_Requirement_
Once you have read the listing, print all of it word for word.
Start of Collected material
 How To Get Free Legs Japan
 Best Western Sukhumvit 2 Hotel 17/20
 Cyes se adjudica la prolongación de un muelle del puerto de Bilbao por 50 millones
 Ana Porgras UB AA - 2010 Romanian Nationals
End of Collected material
_Written reply_
 How To Get Free Legs Japan
 Best Western Sukhumvit 2 Hotel 17/20
 Cyes se adjudica la prolongación de un muelle del puerto de Bilbao por 50 millones
 Ana Porgras UB AA - 2010 Romanian Nationals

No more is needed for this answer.